The U.S. government plans to spend another $1 billion in Uganda through 2015 -- and the U.S. Agency for International Development (USAID) will devote an additional $17.5 million specifically towards helping its Uganda unit to become more "adaptive, modern" and "effective."
The $1 billion figure is part of the Obama Administration's $3.5 billion 2011-2015 Ugandan strategy, which aims to cut that nation's poverty in half ("$3.5 Billion 'Plan Uganda' Seeks to Cut Poverty in Half -- While Reducing 'Cattle Raiding,' Too"; U.S. Trade & Aid Monitor, 5/18/11)).
The agency will hire a private contractor to carry out this "monitoring, evaluation, and learning" initiative over five years, it said in a solicitation (#SOL-617-12-000021) released Nov. 24 that the Monitor located through routine database research. During that time USAID/Uganda hopes to improve, in sum, how it carries out assistance programs in the East African nation.
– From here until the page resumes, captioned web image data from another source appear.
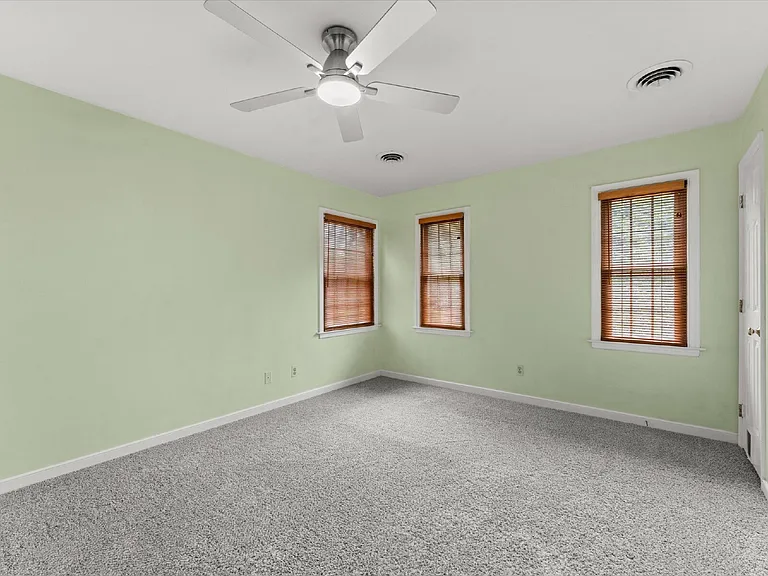 10948 Sunset Hills Dr — Photo 32
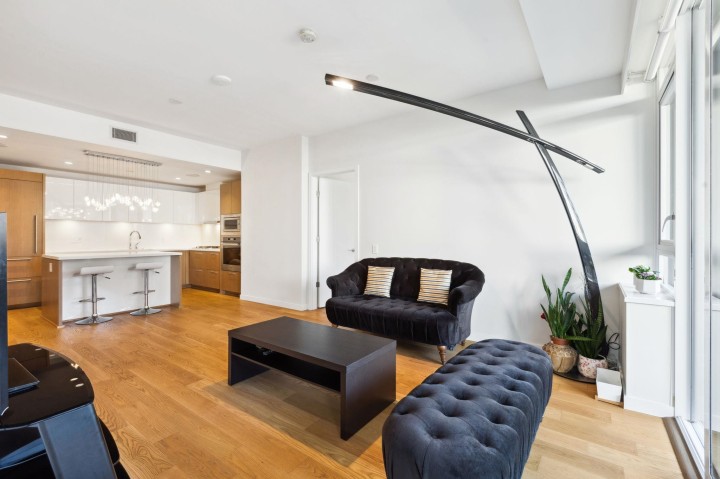 Photo 4 at 204 - 788 Arthur Erickson Place, Park Royal, West Vancouver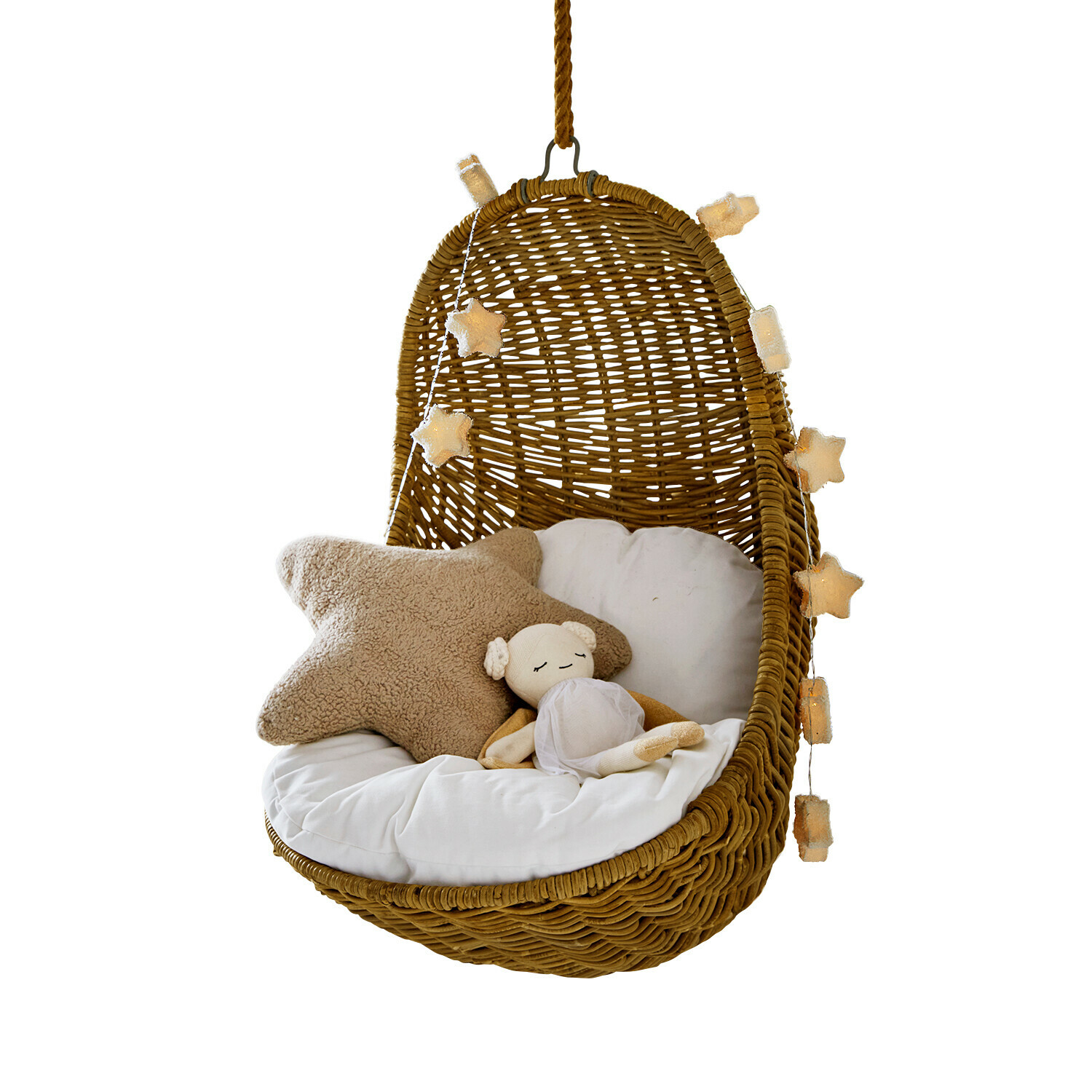 Kinderhangstoel Twinkla Hangstoel van riet met wit kussen, beige stervormig kussen en zachte pluchen pop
The solicitation acknowledges that USAID/Uganda is embarking upon this new contract vehicle following a separate series of monitoring and evaluation (M&E) projects. It points out that while the contractor (The Mitchell Group, Inc.) satisfied agency requirements for M&E, "busy Mission staff still placed little attention on M&E data and did not utilize the data for learning."